Tested as well on x86_64 and ppc64 machines, and can't reproduce it there.

Can someone please look what is wrong with crc32c on sparc64 ?!
Thanks!


2017-05-31 12:12:11

by Anatoly Pugachev

[permalink] [raw]
Subject: Re: [sparc64] crc32c misbehave

A bit more on testing machines:

kernel on T5 ldom ttip is git kernel:

Linux ttip 4.12.0-rc3-00011-gf511c0b17b08 #327 SMP Wed May 31 12:54:02
MSK 2017 sparc64 GNU/Linux

kernel on v215 is debian sid kernel:

Linux v215 4.9.0-3-sparc64-smp #1 SMP Debian 4.9.25-1 (2017-05-02)
sparc64 GNU/Linux

mator@ttip:~$ gcc -v
Using built-in specs.
COLLECT_GCC=gcc
COLLECT_LTO_WRAPPER=/usr/lib/gcc/sparc64-linux-gnu/6/lto-wrapper
Target: sparc64-linux-gnu
Configured with: ../src/configure -v --with-pkgversion='Debian
6.3.0-18' --with-bugurl=file:///usr/share/doc/gcc-6/README.Bugs
--enable-languages=c,ada,c++,java,go,d,fortran,objc,obj-c++
--prefix=/usr --program-suffix=-6 --program-prefix=sparc64-linux-gnu-
--enable-shared --enable-linker-build-id --libexecdir=/usr/lib
--without-included-gettext --enable-threads=posix --libdir=/usr/lib
--enable-nls --with-sysroot=/ --enable-clocale=gnu
--enable-libstdcxx-debug --enable-libstdcxx-time=yes
--with-default-libstdcxx-abi=new --enable-gnu-unique-object
--disable-libquadmath --enable-plugin --enable-default-pie
--with-system-zlib --disable-browser-plugin --enable-java-awt=gtk
--enable-gtk-cairo
--with-java-home=/usr/lib/jvm/java-1.5.0-gcj-6-sparc64/jre
--enable-java-home
--with-jvm-root-dir=/usr/lib/jvm/java-1.5.0-gcj-6-sparc64
--with-jvm-jar-dir=/usr/lib/jvm-exports/java-1.5.0-gcj-6-sparc64
--with-arch-directory=sparc64
--with-ecj-jar=/usr/share/java/eclipse-ecj.jar --enable-objc-gc=auto
--enable-multiarch --enable-targets=all --with-cpu-32=ultrasparc
--with-long-double-128 --enable-multilib --enable-checking=release
--build=sparc64-linux-gnu --host=sparc64-linux-gnu
--target=sparc64-linux-gnu
Thread model: posix
gcc version 6.3.0 20170516 (Debian 6.3.0-18)

2017-05-31 15:53:35

by David Miller

[permalink] [raw]
Subject: Re: [sparc64] crc32c misbehave

From: Anatoly Pugachev <[email protected]>
Date: Wed, 31 May 2017 14:56:52 +0300

> While debugging occasional crc32c checksum errors with xfs disk reads on
> sparc64 (T5 [sun4v] 3.6 GHz CPU ldom, debian unstable/sid), Eric have found
> that crc32c sometimes returns wrong checksum for data.
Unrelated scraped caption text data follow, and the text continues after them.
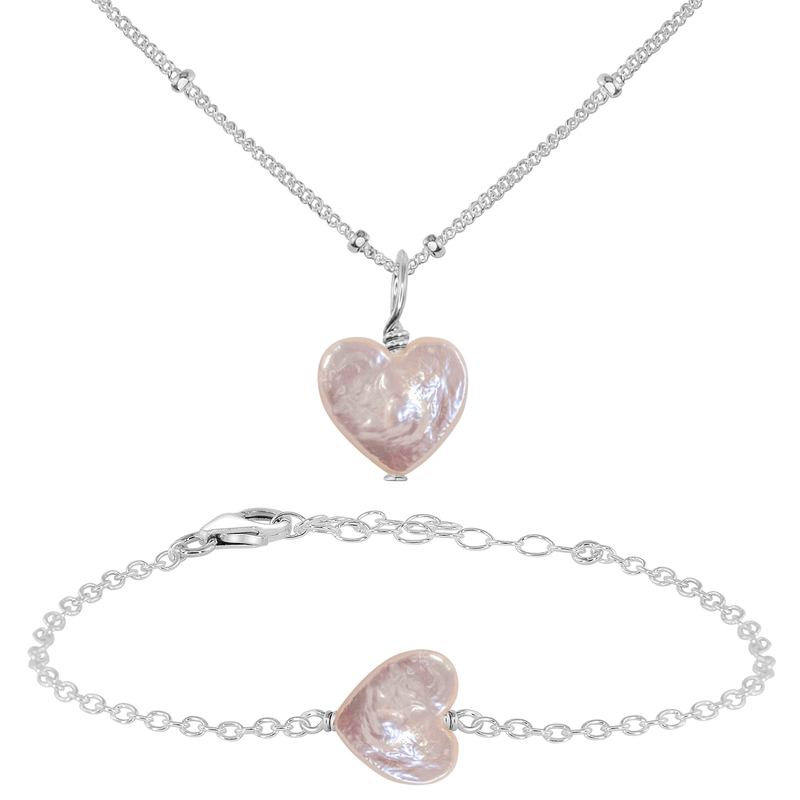 Freshwater Pearl Heart Jewellery Set - Freshwater Pearl Heart Jewellery Set - Sterling Silver / Satellite / Necklace & Bracelet - Luna Tide Handmade Crystal Jewellery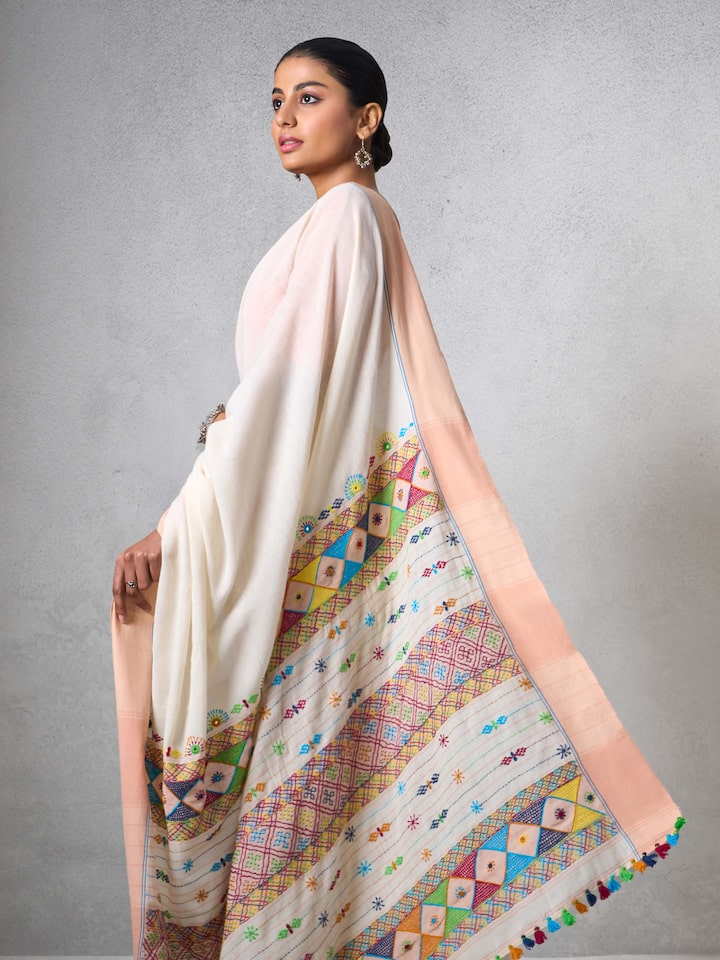Peach Natural Dyed Cotton Lambani Embroidered Saree
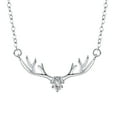 thumbnail image 1 of BKBP Antler Necklace Sterling Silver Deer Pendant for Women Horn Women Waterproof Dainty Choker Necklace Charm Necklace Gift Jewerlry, 1 of 1
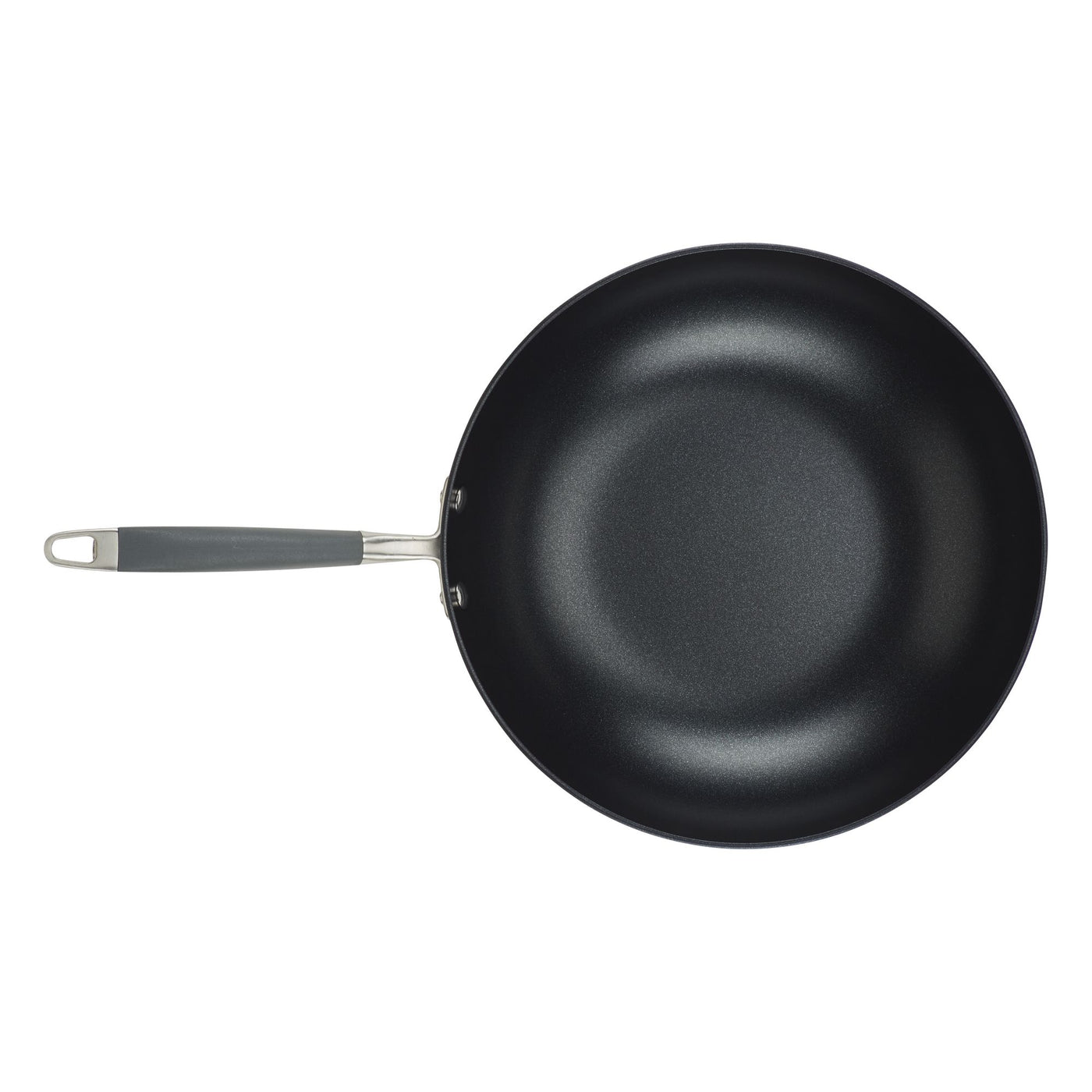 A black frying pan with a non-stick surface and a metal handle featuring a dark grip, viewed from above on a plain white background.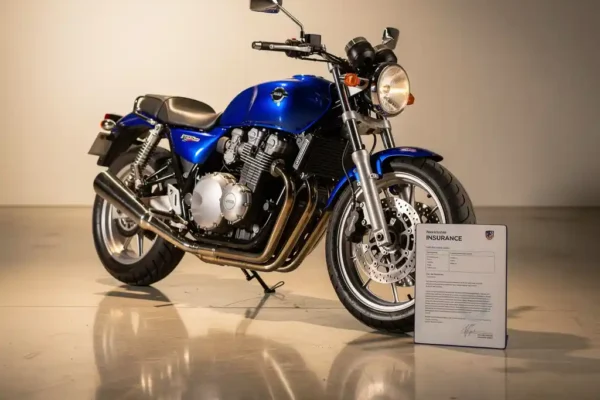 Gloednieuwe motorfiets in showroom naast verzekeringsdocument, kobaltblauw en zilver, glanzend chroom op betonnen vloer.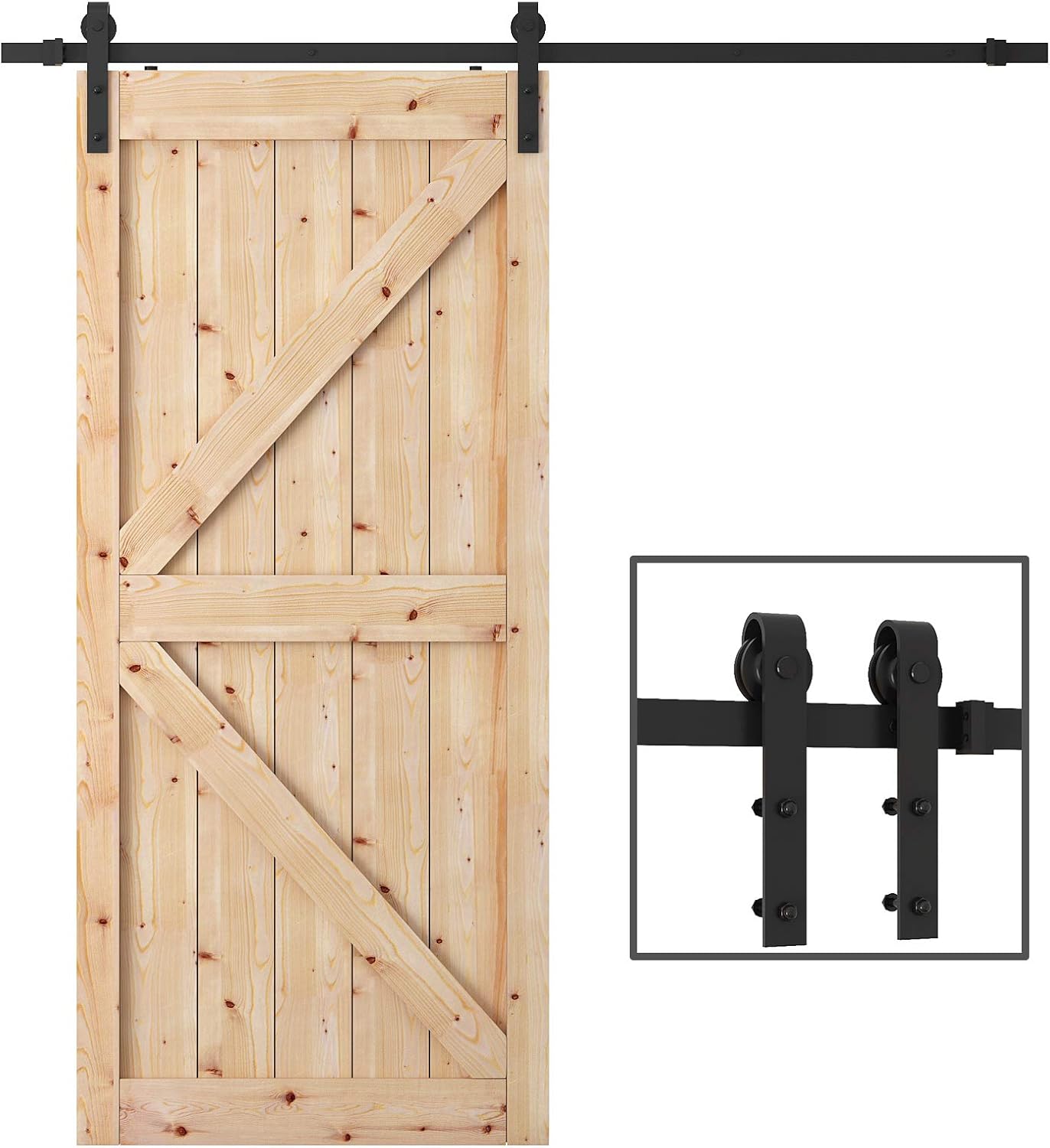 TCBunny 6.6 Feet Sliding Barn Door Hardware Kit Superior Quality Track Kit Antique Style (Black)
Eric made a simple
> test kernel module (included), which produce the following results on my
> sparc64 machines:

I don't think that crc32c() is thread safe because of the way it is
implemented with a shared TFM crypto object allocated once at boot
time.

I think you are seeing the corruption any time an interrupt comes in
on the same cpu as your test module is running on and does a crc32c()
calculation, corrupting the context key value being used by your
invocation.

At least that's my guess, I could have misread how the key is stored
and managed around operations.

Can you try something like disabling cpu IRQs around the crc32c() function
in lib/libcrc32c.c? Something like:

u32 retval;

local_irq_disable();

shash->tfm = tfm;
shash->flags = 0;
*ctx = crc;

err = crypto_shash_update(shash, address, length);
BUG_ON(err);

retval = *ctx;

local_irq_enable();

return retval;

Thanks.

2017-05-31 16:03:32

by David Miller

[permalink] [raw]
Subject: Re: [sparc64] crc32c misbehave

From: David Miller <[email protected]>
Date: Wed, 31 May 2017 11:53:35 -0400 (EDT)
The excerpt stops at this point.